If you add the above dependency and then configure the log config as discussed here http://onyx.readthedocs.org/en/latest/user-guide/logging/
is there a trick to display all sections of http://www.onyxplatform.org/cheat-sheet.html at the same time, to make search easy?
I'm going to discuss making the acking daemon timeout bigger with Mike. There should probably be some headroom for jobs to choose a bigger pending-timeout at runtime without a redeploy
Yeah I think reducing the batch size will help reduce the pathological behaviour anyway. I assume that means you're not doing a redeploy to make these changes then?
regarding the logging thing - is there a specific configuration setting to add to enable the yeller appenders?
-facepalm- of course, https://github.com/yeller/yeller-timbre-appender#setup this stuff, right
@lucasbradstreet: increasing the peer-count, this is via min-peers and max-peers, or more simply n-peers, right? so to double the concurrency for pressured tasks, simply give them
:onyx/n-peers 2 (and make sure the
(onyx/start-peers count group) receives enough to satisfy it)

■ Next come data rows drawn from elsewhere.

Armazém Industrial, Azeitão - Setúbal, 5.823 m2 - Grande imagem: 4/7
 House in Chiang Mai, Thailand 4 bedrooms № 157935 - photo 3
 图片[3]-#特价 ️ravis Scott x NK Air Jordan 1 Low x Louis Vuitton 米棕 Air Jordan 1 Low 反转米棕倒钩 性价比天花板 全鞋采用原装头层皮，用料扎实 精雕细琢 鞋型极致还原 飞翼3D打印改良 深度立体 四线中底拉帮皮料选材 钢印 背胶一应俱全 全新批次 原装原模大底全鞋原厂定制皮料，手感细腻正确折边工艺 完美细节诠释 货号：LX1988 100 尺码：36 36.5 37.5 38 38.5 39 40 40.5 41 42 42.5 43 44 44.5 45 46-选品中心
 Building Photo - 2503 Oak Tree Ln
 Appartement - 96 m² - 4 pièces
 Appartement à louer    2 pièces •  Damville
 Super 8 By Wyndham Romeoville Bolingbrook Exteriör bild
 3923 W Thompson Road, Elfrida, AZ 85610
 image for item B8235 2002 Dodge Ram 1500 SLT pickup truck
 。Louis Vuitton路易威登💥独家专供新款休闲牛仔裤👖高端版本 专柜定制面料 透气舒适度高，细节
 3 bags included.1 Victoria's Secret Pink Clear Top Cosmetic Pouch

when you increase the peer-count, you should consider reducing the batch-size for the task prior to it
The reason is that if you have a task that has a batch of 50, and it produces 500 segments, all 500 will be sent to a single task, because we don’t currently chop up the outgoing batch
so if you have a prior task that generates a lot of outgoing segments in one batch, then you may still end up with all your segments on a single peer
we almost always pluck out one datom from a transaction, and that turns into a segment. we then run it through several tasks, each one appending some tx-data for commit-tx at the end, and each one using datomic’s
d/with with the upstream tx-data to perform queries
Yeah, commit-tx is the one which really gets the benefit from batching so that’s good anyway
600,000 ms for a batch of 250 means your queries are taking 2+ seconds per segment
Yeah, seems like either you need more computing power behind it, or it could be written better, or you need to revise what it’s doing and when it’s doing
the regular spikes in word_count, response_count, init_stats are interesting
with the amount of time that these queries are taking you could probably reduce batch size to 1 for that task and you wouldn’t have any perf impact
reducing batch size further may help somewhat there then but in that case your chat_links performance is abysmal
Or more generally, ids/queries that have a lot of activity where the queries might take longer
I’d say reduce batch size on that task to 10 and increase the acking-daemon-timeout
and figure out what’s going on with that task. Parallelism will help a bit but I’d want to figure out whether I could improve perf for that task first
no worries. I probably should’ve pointed our particular tasks as the issue earlier. After the metrics issue, I was a bit too focused on issues in our code this time around 😄
one thing i do think might be useful is a way to limit the amount of times segments are retried
if we could specify a max retry count, that would help us to keep a stable system up for the rest of the data
in our world, we already have all the data. we’d just find and re-queue missed txes
for example, we’re going to track the times that segments are put on their queues, so if queues lag and segments are already being tried we’ll skip them
so, you mention data loss. wouldn’t users of less immutable input queues lose data anyway, due to also having to restart?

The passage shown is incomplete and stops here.